Les Français ont du mal à l’admettre… mais dans les plus hautes instances européennes, on est plus lucide : les faillites d’Etat sont possibles, voire probables. C’est maintenant qu’il faut vous y préparer.
La revue semestrielle de stabilité financière publiée mardi 26 mai en dit long sur ce que les banquiers européens ne peuvent pas dire officiellement, mais qui les taraude : la crise financière directement issue du confinement (et de la guerre des prix pétroliers, redisons-le) devrait mettre de nombreux Etats-membres de l’Union en difficulté, au point de faire défaut et de devoir sortir de la Zone euro.
Cette perspective, inaudible en France et considérée comme proche de la trahison nationale quand elle est évoquée, doit être prise très au sérieux, surtout chez nous !
La France devrait en effet se situer en première ligne dans le groupe des pays attaqués par les marchés pour leur endettement excessif, et accessoirement dans le groupe des pays qui ne tiennent pas leurs engagements vis-à-vis de leurs créanciers.

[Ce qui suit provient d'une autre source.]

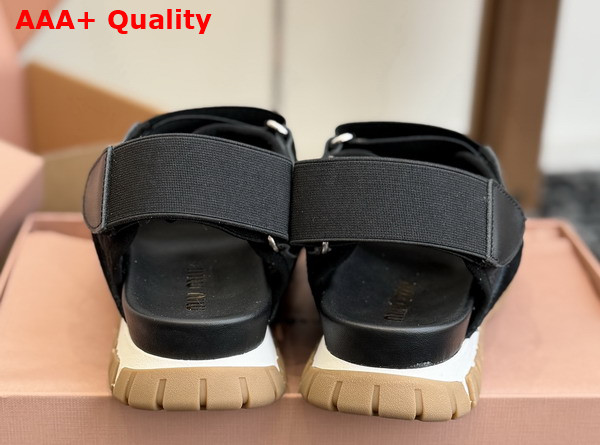 Miu Miu Tyre Technical Fabric and Suede Sandal in Black Replica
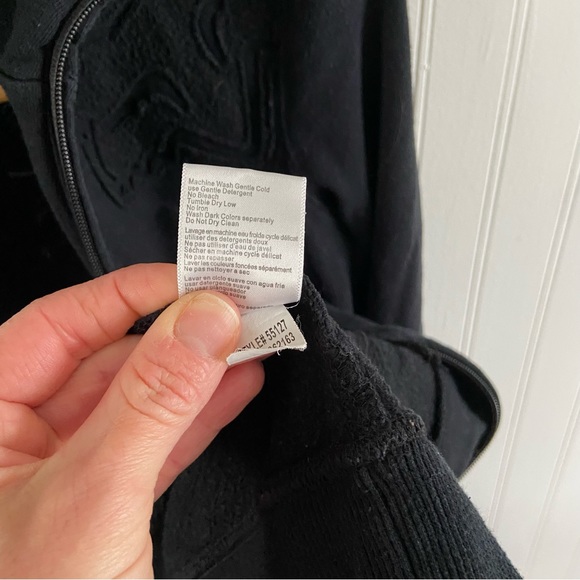 FOX RACING Zip Up Sweatshirt Jacket Black Embroidered Small Pockets Thumbholes - Picture 4 of 16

Les faillites d’Etats européens coûteront cher à tout le monde
Pour l’instant, les cigales françaises sont loin de ces angoisses macro-économiques. L’opinion de notre pays se complaît à croire, emmenée par des esprits qui mélangent allègrement le souverainisme et le rejet de toute règle budgétaire, qu’il suffit de décréter que l’argent n’est pas un problème pour qu’il n’en soit plus un.
Un coup de baguette magique, et hop ! tout est réglé ! On n’y pense plus, on se bouche les yeux et on dépense sans limite et sans risque.
La réalité, qui finit toujours par triompher, est toute autre. Des pays comme l’Italie, l’Espagne, la France bien sûr, mais même Chypre, plongeraient l’Europe dans la tourmente s’ils faisaient faillite. Aucun Etat-membre ne serait épargné, même si la profondeur de l’impact serait évidemment très différente selon les pays.
Supposons que l’Italie fasse faillite (perspective au demeurant plausible)… On imagine facilement que la France peinerait soudain à lever les emprunts colossaux dont elle a besoin pour renflouer ses caisses. La mécanique infernale bien connue de relèvement des taux rendrait la contrainte de la dette insupportable et mettrait le pays en situation très compliquée.
C’est précisément ce phénomène que la BCE décrit et craint.
La France a d’ores et déjà beaucoup dérapé
L’annonce de ces lendemains qui déchantent est évidemment politiquement incorrecte pour tous ceux qui attendent la réouverture des restaurants, des boîtes de nuit et du Club Med pour dépenser l’argent que l’Etat leur a versé pendant deux mois. Les épargnants en revanche, qui savent qu’ils constituent de parfaits moutons à tondre, s’inquiètent un peu plus.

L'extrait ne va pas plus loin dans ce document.